O aumento da repressão defendido pela direita tem um alvo claro: a população pobre, em geral negra e marginalizada das periferias, que já sobrevive a um terror diário imposto pela polícia. A campanha sistemática realizada pela grande mídia, assim, mesmo que não tenha seus objetivos como a redução da maioridade ou a pena de morte conquistados a curto prazo, serve para legitimar cada vez mais o terror policial sobre as comunidades pobres. A população e os trabalhadores, desta forma, quando clamam por uma repressão mais dura e leis mais severas, estão inconscientemente colocando ao redor do pescoço a corda oferecida pela burguesia.

“Direitos Humanos”

A defesa pura e simples dos “direitos humanos”, por sua vez, embora se contraponha à campanha reacionária promovida pela direita, é despolitizada e abstrata, dissolvendo as diferenças entre as classes. O deputado do PSOL Marcelo Freixo chegou a dizer em entrevista recente que “a luta por direitos humanos é a essência da nova luta de classes”. Ainda que responsabilize a desigualdade social pelo problema da violência, em geral não vai a fundo em um programa que se contraponha-se ao capitalismo e nem ao menos à atual política econômica. 

Ainda que muitos ativistas honestos se guiem pela defesa dos “direitos humanos”, este se torna insuficiente e até certo ponto contraditório. Seriam “direitos humanos”, por exemplo, não ser assassinado ou torturado pela polícia. Mas viver dignamente, ter emprego e um salário decente, assim como saúde e educação de qualidade, e tantos outros “direitos” negados à esmagadora maioria das pessoas hoje sob o capitalismo, não seriam direitos igualmente “humanos”?
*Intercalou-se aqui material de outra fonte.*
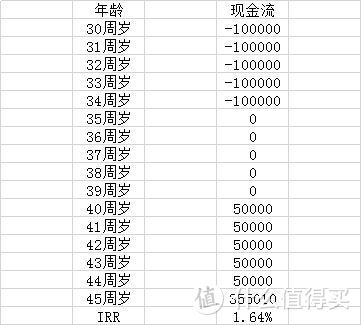 中国人寿的《鑫福临门》是怎么回事？划算吗？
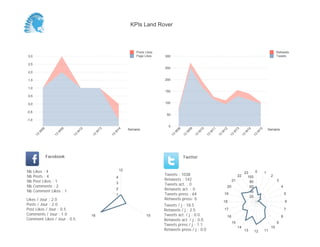 KPIs Land Rover



                                                                    Posts Likes                                                                                                    Retweets
3,0                                                                 Page Likes    300                                                                                              Tweets

2,5
                                                                                  250
2,0

1,5                                                                               200

1,0
                                                                                  150
0,5

0,0                                                                               100

-0,5
                                                                                   50
-1,0

                                                                                    0
                                                                Semaine                                                                                                      Semaine
            08




                         09




                                   12




                                             13




                                                       14




                                                                                             08


                                                                                                       09


                                                                                                                 10


                                                                                                                           11


                                                                                                                                     12


                                                                                                                                                13


                                                                                                                                                          14


                                                                                                                                                                    15
         W




                     W




                               W




                                         W




                                                   W




                                                                                         W


                                                                                                   W


                                                                                                             W


                                                                                                                       W


                                                                                                                                 W


                                                                                                                                               W


                                                                                                                                                         W


                                                                                                                                                                W
       13




                    13




                              13




                                        13




                                                  13




                                                                                        13


                                                                                                  13


                                                                                                            13


                                                                                                                      13


                                                                                                                                13


                                                                                                                                           13


                                                                                                                                                     13


                                                                                                                                                               13
                 Facebook                                                                         Twitter


Nb     Likes : 4                                           12                                                                                                  0
                                                                                                                                                         23              1
Nb     Posts : 4                                                                  Tweets : 1038                                                     22                        2
                                                       4                                                                                                   100
Nb     Post Likes : 1                                                             Retweets : 142                                               21                                  3
                                                                                                                                                            80
Nb     Comments : 2
                                                       3                          Tweets act. : 0
                                                                                                                                          20                60                         4
Nb     Comment Likes : 1
                                                       2                          Retweets act. : 0
                                                                                                                                                            40
                                                       1                          Tweets press : 64                                  19                                                    5
                                                                                                                                                            20
Likes / Jour : 2.0                                                                Retweets press: 0
                                                                                                                                     18                                                    6
Posts / Jour : 2.0                                                                Tweets / j : 18.5
Post Likes / Jour : 0.5                                                           Retweets / j : 2.5                                 17                                                    7
Comments / Jour : 1.0                   16                                15      Tweets act. / j : 0.0                                                                                8
                                                                                                                                          16
Comment Likes / Jour : 0.5                                                        Retweets act. / j : 0.0
                                                                                                                                               15                                  9
                                                                                  Tweets press / j : 1.1
                                                                                                                                                    14                        10
                                                                                  Retweets press / j : 0.0                                               13    12        11
 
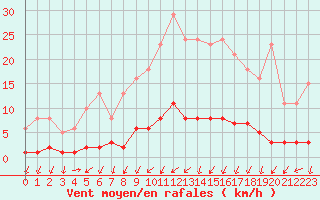 Courbe de la force du vent pour Vernouillet (78)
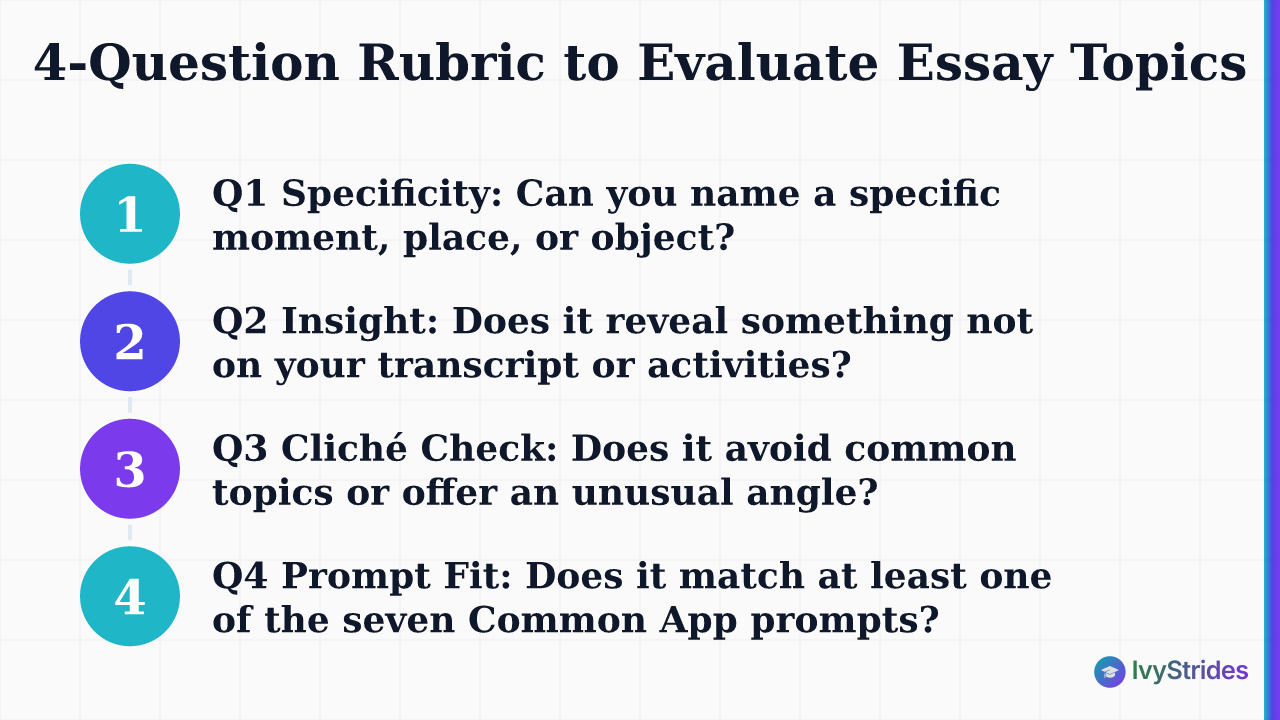 Four-question rubric for evaluating college essay topics: specificity, insight, cliché check, and prompt fit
Não foi por acaso que a Declaração Universal dos Direitos Humanos tenha sido aprovada pela ONU em 1948, sob os auspícios das maiores potências da época como os EUA que, apenas três anos antes, despejava duas bombas atômicas no Japão para cometer um dos maiores genocídios em massa da história. E que ainda hoje perpetre atrocidades e invasões em nome dos mesmos “direitos humanos”.

A defesa dos direitos básicos das pessoas, se entendido como o direito a uma vida digna para todos, é incompatível com uma sociedade marcada pela desigualdade e a exploração.